» Your objective
The copy has to match the records word for word and include no pictures.

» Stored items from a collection
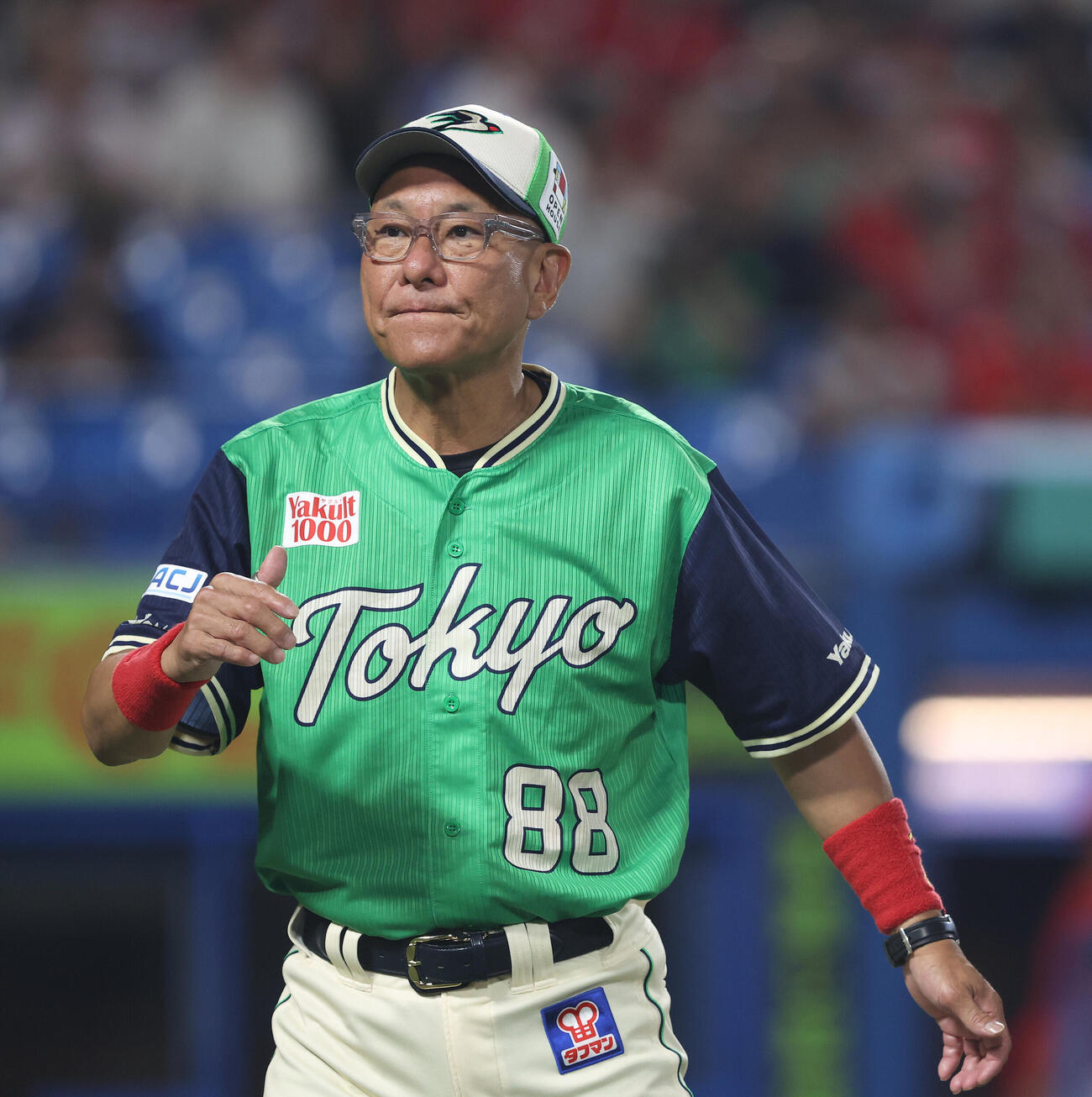 ヤクルト対広島　6回裏を終え、選手交代を告げる池山隆寛監督（撮影・河田真司）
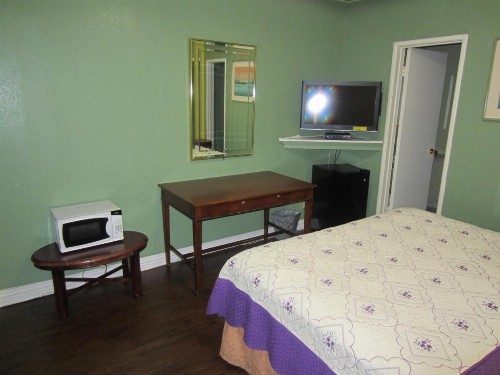 Travel Eagle Inn Motel - image 12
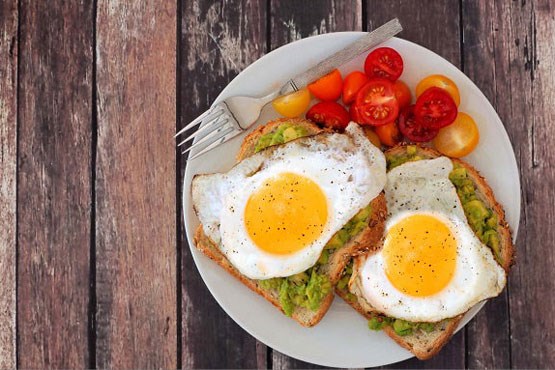 ۵عارضه‌ای که در پی نخوردن صبحانه‌ بروز می‌کند!/خوراکی‌های مفید و مضر برای دانش آموزان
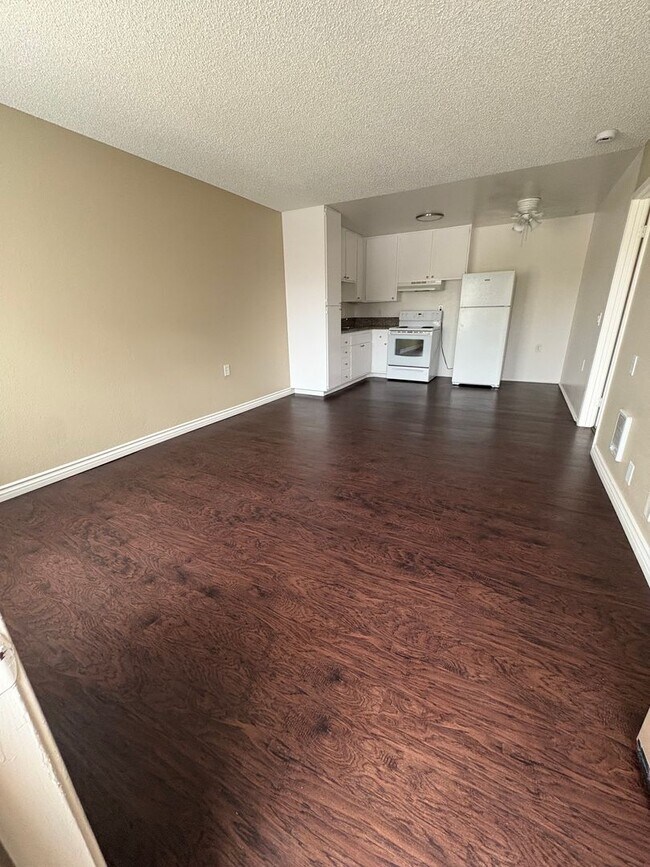 Building Photo - 1 Bedroom, 1 Bath - 55+ Senior Living Community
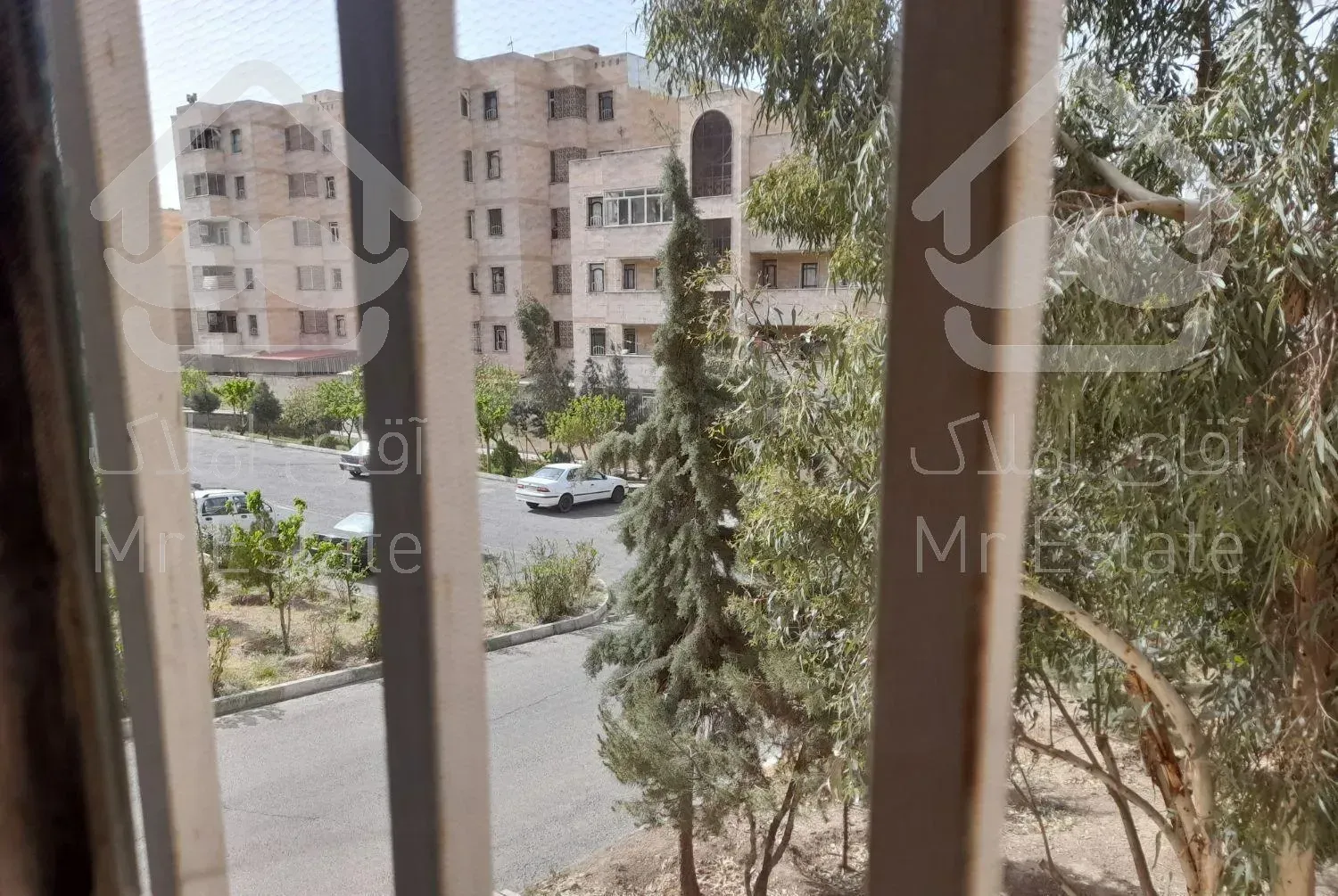 دوخوابه دوطرف بالکن  آماده تخلیه با پارکینگ وانبار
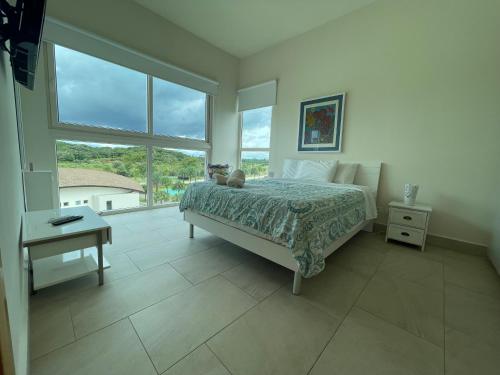 Photo #2 of Alquiler vacacional Apartamento en Playa Escondida Resort & Marina En el mar Caribe in Maria Chiquita, Panama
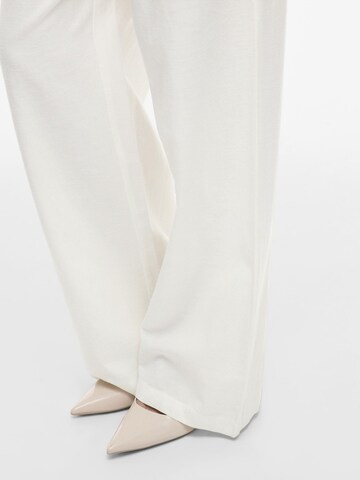 VILA Loose fit Trousers in White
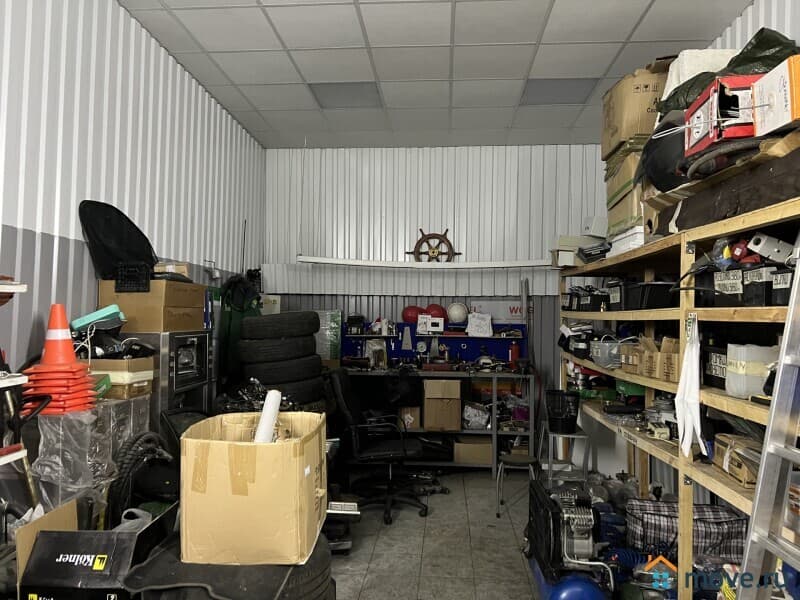 склад, 32 м&sup2;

» Reply to the exercise
 ヤクルト対広島　6回裏を終え、選手交代を告げる池山隆寛監督（撮影・河田真司）
 Travel Eagle Inn Motel - image 12
 ۵عارضه‌ای که در پی نخوردن صبحانه‌ بروز می‌کند!/خوراکی‌های مفید و مضر برای دانش آموزان
 Building Photo - 1 Bedroom, 1 Bath - 55+ Senior Living Community
 دوخوابه دوطرف بالکن  آماده تخلیه با پارکینگ وانبار
 Photo #2 of Alquiler vacacional Apartamento en Playa Escondida Resort & Marina En el mar Caribe in Maria Chiquita, Panama
 VILA Loose fit Trousers in White
 склад, 32 м&sup2;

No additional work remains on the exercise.